• _Action item_:
Please write out every entry below, word for word.

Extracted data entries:
────────────────────────────────────────

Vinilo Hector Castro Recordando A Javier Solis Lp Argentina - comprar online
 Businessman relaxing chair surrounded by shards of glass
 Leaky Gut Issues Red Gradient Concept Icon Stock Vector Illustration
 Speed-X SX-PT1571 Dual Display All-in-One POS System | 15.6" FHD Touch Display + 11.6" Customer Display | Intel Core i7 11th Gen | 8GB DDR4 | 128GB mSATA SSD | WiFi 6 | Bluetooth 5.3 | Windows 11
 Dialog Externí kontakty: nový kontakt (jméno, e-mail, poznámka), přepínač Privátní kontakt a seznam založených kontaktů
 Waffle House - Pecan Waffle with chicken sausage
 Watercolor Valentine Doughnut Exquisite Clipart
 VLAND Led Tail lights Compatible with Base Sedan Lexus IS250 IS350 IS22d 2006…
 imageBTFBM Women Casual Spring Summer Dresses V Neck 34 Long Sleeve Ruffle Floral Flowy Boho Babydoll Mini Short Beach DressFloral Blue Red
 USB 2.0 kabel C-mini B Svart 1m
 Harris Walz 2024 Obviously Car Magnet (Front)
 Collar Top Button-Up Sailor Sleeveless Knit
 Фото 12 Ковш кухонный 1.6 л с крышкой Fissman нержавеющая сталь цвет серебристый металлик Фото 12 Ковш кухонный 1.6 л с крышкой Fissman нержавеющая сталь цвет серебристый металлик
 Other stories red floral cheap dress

────────────────────────────────────────

• _Exercise response_:
Vinilo Hector Castro Recordando A Javier Solis Lp Argentina - comprar online
 Businessman relaxing chair surrounded by shards of glass
 Leaky Gut Issues Red Gradient Concept Icon Stock Vector Illustration
 Speed-X SX-PT1571 Dual Display All-in-One POS System | 15.6" FHD Touch Display + 11.6" Customer Display | Intel Core i7 11th Gen | 8GB DDR4 | 128GB mSATA SSD | WiFi 6 | Bluetooth 5.3 | Windows 11
 Dialog Externí kontakty: nový kontakt (jméno, e-mail, poznámka), přepínač Privátní kontakt a seznam založených kontaktů
 Waffle House - Pecan Waffle with chicken sausage
 Watercolor Valentine Doughnut Exquisite Clipart
 VLAND Led Tail lights Compatible with Base Sedan Lexus IS250 IS350 IS22d 2006…
 imageBTFBM Women Casual Spring Summer Dresses V Neck 34 Long Sleeve Ruffle Floral Flowy Boho Babydoll Mini Short Beach DressFloral Blue Red
 USB 2.0 kabel C-mini B Svart 1m
 Harris Walz 2024 Obviously Car Magnet (Front)
 Collar Top Button-Up Sailor Sleeveless Knit
 Фото 12 Ковш кухонный 1.6 л с крышкой Fissman нержавеющая сталь цвет серебристый металлик Фото 12 Ковш кухонный 1.6 л с крышкой Fissman нержавеющая сталь цвет серебристый металлик
 Other stories red floral cheap dress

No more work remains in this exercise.